KEY DATA Mar Feb Jan Dec Nov Oct Imports ($ bln) 5.43 4.79 5.96 5.45 5.59 4.84 yr/yr chg (pct) 9.6 1.7 24.7 2.7 7.4 -8.2
NOTE: Previous data for 2014 were revised. The Philippine Statistics Authority has revised the trade data series for 2013 and is in the process of reworking data for 2012 and earlier years.
- Top imports in March were mineral fuels, lubricants and related materials, accounting for 23.6 percent of total.
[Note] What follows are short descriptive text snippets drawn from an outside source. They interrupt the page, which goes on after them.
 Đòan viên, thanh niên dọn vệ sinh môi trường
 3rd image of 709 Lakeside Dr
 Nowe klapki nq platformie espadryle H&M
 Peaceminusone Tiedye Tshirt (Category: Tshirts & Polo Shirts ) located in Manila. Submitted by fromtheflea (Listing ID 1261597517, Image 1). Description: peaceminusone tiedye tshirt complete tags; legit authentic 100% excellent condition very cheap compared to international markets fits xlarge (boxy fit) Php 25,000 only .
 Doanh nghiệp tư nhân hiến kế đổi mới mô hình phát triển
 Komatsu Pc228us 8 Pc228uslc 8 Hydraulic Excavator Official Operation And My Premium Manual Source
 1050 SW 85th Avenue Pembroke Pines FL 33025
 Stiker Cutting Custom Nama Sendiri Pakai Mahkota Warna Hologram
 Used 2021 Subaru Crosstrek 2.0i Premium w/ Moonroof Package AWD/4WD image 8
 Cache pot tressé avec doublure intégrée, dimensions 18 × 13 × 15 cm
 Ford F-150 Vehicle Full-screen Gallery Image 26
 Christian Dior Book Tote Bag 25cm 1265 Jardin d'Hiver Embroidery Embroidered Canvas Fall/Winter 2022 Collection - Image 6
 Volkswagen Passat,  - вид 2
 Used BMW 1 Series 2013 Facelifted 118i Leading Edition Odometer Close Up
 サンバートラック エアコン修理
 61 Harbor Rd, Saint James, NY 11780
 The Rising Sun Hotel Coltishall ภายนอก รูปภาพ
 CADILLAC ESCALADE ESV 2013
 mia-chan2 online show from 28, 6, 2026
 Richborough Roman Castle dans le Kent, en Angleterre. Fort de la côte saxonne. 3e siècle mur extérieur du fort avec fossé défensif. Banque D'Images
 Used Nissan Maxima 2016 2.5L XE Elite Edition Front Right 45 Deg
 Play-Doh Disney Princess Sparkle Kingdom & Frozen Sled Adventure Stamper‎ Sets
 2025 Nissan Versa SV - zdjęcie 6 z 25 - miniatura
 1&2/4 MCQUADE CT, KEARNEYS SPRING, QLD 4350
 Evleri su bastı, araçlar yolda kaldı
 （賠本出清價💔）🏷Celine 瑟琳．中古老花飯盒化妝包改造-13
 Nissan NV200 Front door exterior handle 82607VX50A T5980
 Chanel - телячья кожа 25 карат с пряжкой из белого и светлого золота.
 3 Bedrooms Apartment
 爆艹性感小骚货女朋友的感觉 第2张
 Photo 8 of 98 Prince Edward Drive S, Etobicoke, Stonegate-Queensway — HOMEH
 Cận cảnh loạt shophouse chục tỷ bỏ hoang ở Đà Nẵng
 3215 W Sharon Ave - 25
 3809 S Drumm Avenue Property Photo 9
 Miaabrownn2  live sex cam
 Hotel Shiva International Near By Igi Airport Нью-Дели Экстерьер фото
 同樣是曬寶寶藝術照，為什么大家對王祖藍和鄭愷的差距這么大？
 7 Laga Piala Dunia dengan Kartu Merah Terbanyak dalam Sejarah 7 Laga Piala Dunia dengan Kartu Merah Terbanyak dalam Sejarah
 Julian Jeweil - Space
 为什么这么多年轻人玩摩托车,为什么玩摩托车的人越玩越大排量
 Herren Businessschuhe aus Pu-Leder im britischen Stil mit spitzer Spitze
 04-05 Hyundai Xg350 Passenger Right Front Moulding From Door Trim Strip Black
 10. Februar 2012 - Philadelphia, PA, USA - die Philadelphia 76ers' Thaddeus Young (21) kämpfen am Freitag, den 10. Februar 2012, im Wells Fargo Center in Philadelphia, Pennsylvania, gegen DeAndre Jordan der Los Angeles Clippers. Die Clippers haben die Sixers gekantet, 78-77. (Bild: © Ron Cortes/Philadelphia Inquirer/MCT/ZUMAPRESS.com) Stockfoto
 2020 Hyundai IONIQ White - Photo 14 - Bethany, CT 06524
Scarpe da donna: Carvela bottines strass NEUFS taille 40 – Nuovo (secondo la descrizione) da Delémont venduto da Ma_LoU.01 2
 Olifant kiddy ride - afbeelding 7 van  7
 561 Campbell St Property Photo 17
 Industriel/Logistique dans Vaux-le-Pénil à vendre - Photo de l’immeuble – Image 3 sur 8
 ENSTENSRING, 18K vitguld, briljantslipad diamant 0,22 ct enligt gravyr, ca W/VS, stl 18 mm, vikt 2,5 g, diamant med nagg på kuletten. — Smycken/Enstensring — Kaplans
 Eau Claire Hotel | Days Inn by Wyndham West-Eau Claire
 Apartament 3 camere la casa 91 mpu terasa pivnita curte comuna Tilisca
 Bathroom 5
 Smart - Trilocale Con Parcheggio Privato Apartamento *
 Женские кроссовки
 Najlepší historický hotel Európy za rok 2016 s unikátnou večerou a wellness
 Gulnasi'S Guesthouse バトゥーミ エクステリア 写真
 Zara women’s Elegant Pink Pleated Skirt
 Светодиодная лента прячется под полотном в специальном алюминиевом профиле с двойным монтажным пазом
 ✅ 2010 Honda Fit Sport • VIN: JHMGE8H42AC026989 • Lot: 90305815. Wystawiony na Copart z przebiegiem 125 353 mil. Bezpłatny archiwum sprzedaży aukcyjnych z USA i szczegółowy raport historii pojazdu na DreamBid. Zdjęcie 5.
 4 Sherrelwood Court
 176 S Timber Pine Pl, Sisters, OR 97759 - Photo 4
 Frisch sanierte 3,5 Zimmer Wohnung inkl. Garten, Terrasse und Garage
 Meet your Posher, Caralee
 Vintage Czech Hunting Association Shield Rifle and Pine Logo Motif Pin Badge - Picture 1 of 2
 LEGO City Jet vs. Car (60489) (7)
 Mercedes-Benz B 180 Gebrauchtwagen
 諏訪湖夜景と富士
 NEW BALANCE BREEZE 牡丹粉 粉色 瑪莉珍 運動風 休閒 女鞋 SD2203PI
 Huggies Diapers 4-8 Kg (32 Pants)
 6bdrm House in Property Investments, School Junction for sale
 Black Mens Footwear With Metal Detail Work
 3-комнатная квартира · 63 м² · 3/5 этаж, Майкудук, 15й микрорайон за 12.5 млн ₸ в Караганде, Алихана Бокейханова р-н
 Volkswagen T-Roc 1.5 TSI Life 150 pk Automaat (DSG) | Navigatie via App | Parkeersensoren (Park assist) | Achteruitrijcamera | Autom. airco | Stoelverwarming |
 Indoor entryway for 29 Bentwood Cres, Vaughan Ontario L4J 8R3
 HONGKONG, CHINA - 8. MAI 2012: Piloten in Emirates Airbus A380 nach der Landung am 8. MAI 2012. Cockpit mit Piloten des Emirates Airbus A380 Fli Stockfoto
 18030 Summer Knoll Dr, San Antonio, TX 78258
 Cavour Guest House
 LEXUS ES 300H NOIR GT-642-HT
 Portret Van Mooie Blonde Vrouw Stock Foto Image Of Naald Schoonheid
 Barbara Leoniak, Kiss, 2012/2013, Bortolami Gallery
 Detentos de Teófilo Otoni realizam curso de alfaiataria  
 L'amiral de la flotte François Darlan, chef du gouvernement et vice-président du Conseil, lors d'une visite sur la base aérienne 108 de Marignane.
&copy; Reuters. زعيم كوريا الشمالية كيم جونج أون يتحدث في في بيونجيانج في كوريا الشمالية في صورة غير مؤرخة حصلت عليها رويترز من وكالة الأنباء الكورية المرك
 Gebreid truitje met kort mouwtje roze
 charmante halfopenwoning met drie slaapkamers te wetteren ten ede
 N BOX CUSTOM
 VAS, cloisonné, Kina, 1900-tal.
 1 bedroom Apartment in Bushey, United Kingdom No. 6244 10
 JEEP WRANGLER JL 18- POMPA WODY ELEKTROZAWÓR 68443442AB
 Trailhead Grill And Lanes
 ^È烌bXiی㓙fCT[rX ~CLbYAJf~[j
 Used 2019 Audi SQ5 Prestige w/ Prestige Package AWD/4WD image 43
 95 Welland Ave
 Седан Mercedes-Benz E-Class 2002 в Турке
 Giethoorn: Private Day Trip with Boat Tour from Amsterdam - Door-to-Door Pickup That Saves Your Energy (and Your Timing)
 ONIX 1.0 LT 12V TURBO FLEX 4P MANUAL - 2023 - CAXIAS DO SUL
Mineral fuel imports climbed an annual 23.3 percent to $1.28 billion during the month.
- Imports of electronic parts in March, the second top shipment, fell 4.3 percent from a year earlier, to $1.2 billion.
- Electronics imports are components used by the semiconductor and electronics industry, the biggest export sector and a major contributor to the economy.
- The country had a trade deficit of $146 million in March, bringing the trade gap in the first quarter to $1.85 billion.
- The electronics industry group has forecast electronic exports will grow 5 percent this year.
- The Philippine Statistics Authority has revised trade data for 2013 after including figures that weren’t captured earlier, and will also revise trade numbers for previous years.
- Based on the new revised data, the Philippines had a trade deficit of $5.71 billion in 2013, much lower than the previously reported deficit of $7.85 billion.
- The central bank’s latest estimates show Philippine exports are expected to rise 6 percent this year, and imports to grow 6 percent.
- The destruction wrought in the central Philippines in November by super typhoon Haiyan, one of the strongest to ever hit land, could spur more imports of construction materials for rebuilding of communities, Philippine officials have said.
- Officials have set an economic growth target of 6.5-7.5 percent this year, after growth of 7.2 percent in 2013.